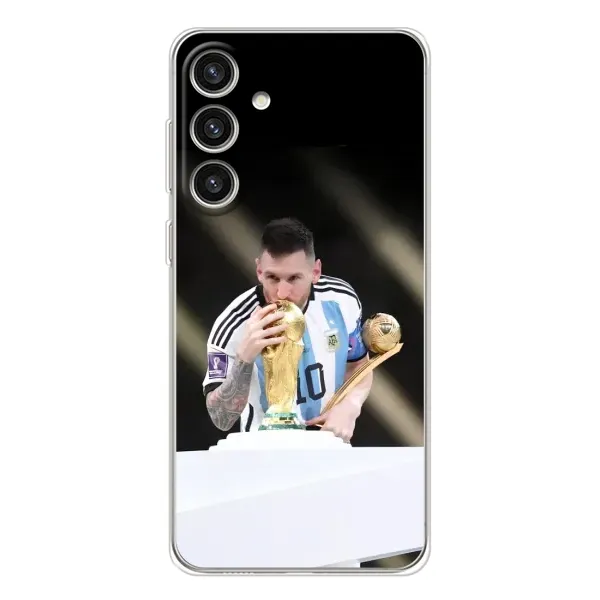 Чехол с рисунком «Кубок Мира» для Samsung Galaxy S25 Plus Чехол с рисунком «Кубок Мира» для Samsung Galaxy S25 Plus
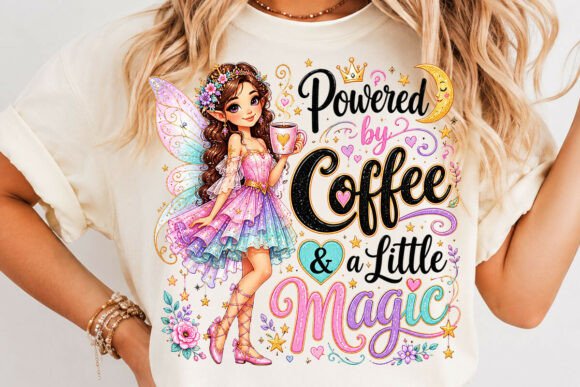 Download Powered by Coffee PNG ,Fairy Magic PNG - Png Collection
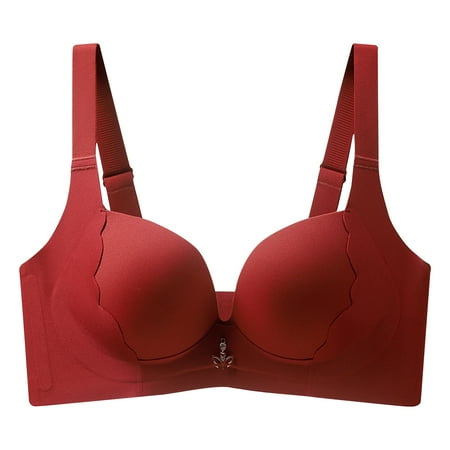 Limited Time Savings Plus Size Seamless Bra  Breast Lifting  Gathered Cups  Solid Color  Comfortable Support  For Everyday  Sports  Nursing  Maternity  Seamless Bralette  Plus Size Skirt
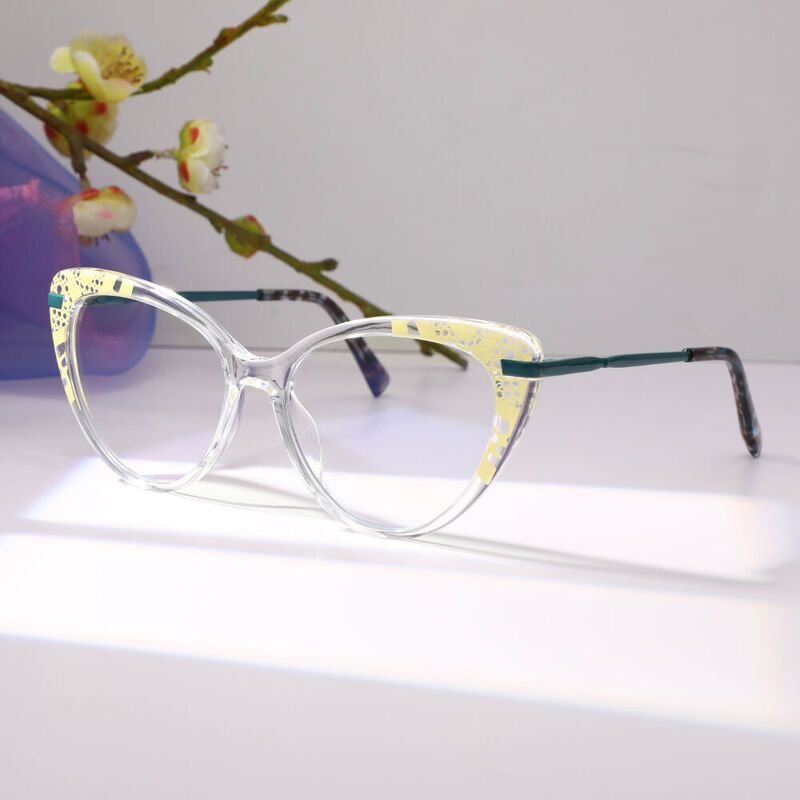 Craigie Cat Eye Klare Brille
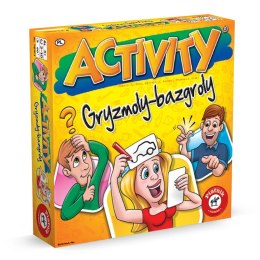 Piatnik Gra Activity Bazgroły gryzmoły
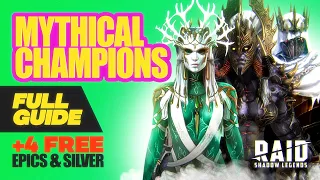 ⚔️🔥Mythical Champions Raid: Siegfrund, Gharol, Arbais🔥 Full Guide & Overview | Raid Shadow Legends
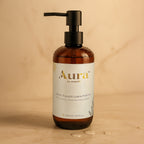 Jabón líquido para manos Aura by Simplifik aroma Tipo Santal 33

▬▬▬

* _Required action_:
Return the entries above exactly, skipping any images.

* _Written answer_:
 Чехол с рисунком «Кубок Мира» для Samsung Galaxy S25 Plus Чехол с рисунком «Кубок Мира» для Samsung Galaxy S25 Plus
 Download Powered by Coffee PNG ,Fairy Magic PNG - Png Collection
 Limited Time Savings Plus Size Seamless Bra  Breast Lifting  Gathered Cups  Solid Color  Comfortable Support  For Everyday  Sports  Nursing  Maternity  Seamless Bralette  Plus Size Skirt
 Craigie Cat Eye Klare Brille
 Piatnik Gra Activity Bazgroły gryzmoły
 ⚔️🔥Mythical Champions Raid: Siegfrund, Gharol, Arbais🔥 Full Guide & Overview | Raid Shadow Legends
 Jabón líquido para manos Aura by Simplifik aroma Tipo Santal 33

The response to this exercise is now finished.